Wednesday, March 28, 2018

Co-Champions for the 2018 LCCC Fischer Random 960 Tournament

Everyone has equal standing with the Royal Game of chess.
We had eleven players tonight for the conclusion of our 2018 Fischer Random 960 Tournament.

But first we welcome a new member to the Club - and hopefully a Kid's Night regular - Jack M.
Welcome to LCCC Jack.

The co-champions of the 960 tournament are:
Vince Valente
Ken Tack

Congratulations guys!

If you have never played 960 chess, you should try it some time. You start the game with the pieces randomly placed on the back rank - not in the standard chess placement. This throws a player's opening "book" knowledge out the window!

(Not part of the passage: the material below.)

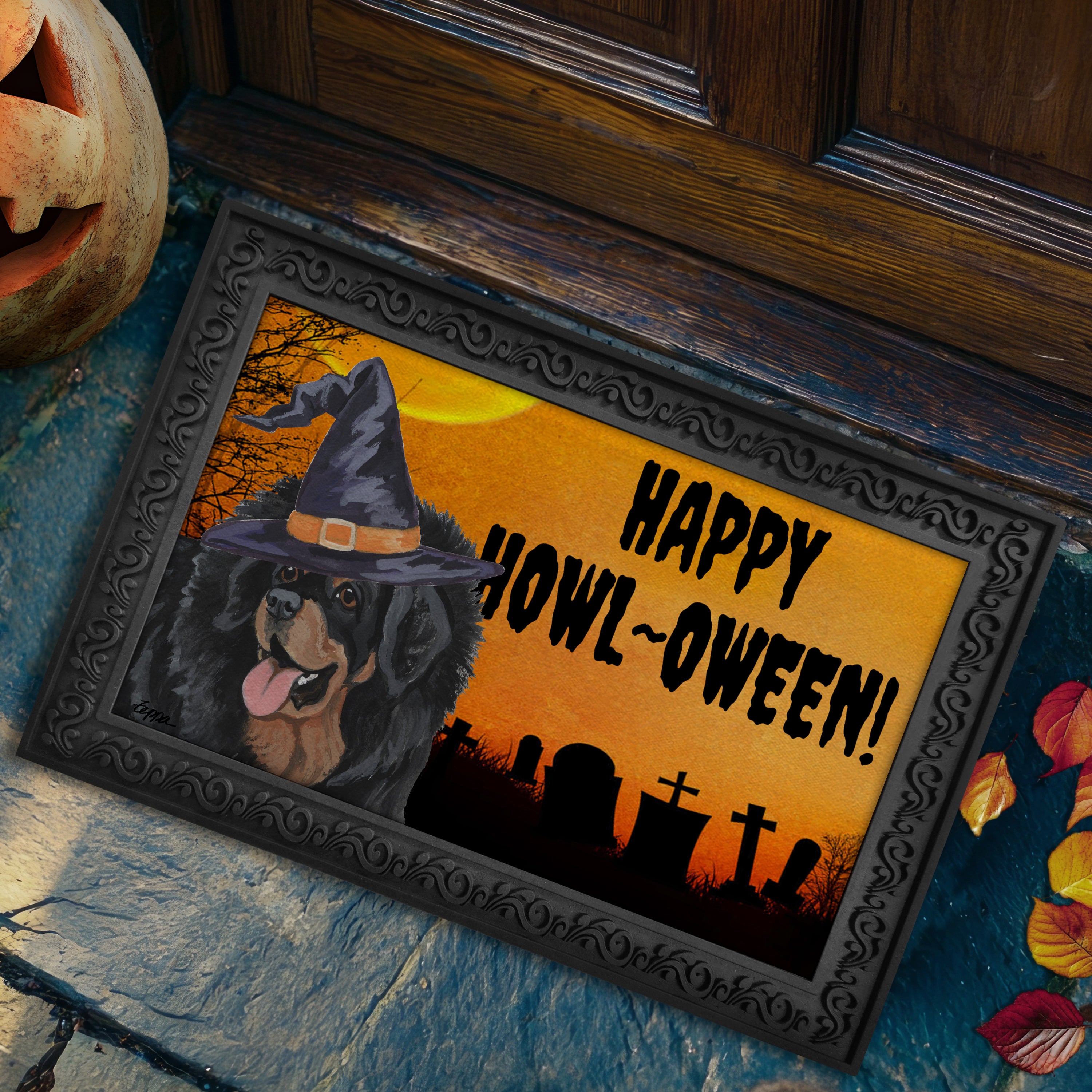 Tibetan Mastiff in a witch's hat on a Happy Howl-ween doormat.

Below is Vince's victory game that clinched his tie for 1st place. As you will see, with the standard opening moves out the window, chess becomes more of a puzzle than ever!

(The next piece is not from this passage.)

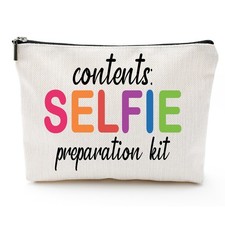 Funny "Selfie Preparation Kit" Cosmetic Bag Travel Pouch Girls Birthday Gift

We have two of the best players at the club going at it here, and there were a dozen lead changes during the game! Our chess super Grandmaster computer Igor3200 shows us things most humans would never see. All regular notes are his. Chess computers talk to humans now, you know?

Anything your humble scribe adds will be in [brackets].

This is an exciting one and the type you see at our club all the time. Even when we play regular chess!

Set up the back row White pieces from left to right:
then mirror the Black pieces on the other side. Crazy looking eh? But it's FUN!

White: Vince V
Black: Don M

1.  d4               d5
2. Bf4              b6
3. e4                Ngf6
4. h3                Nd6?
The simple 4. ...dxe4 is best. White leads in position by almost 2 full pawns (+1.8).
[Black was not afraid of 5. e5, but most players would be.]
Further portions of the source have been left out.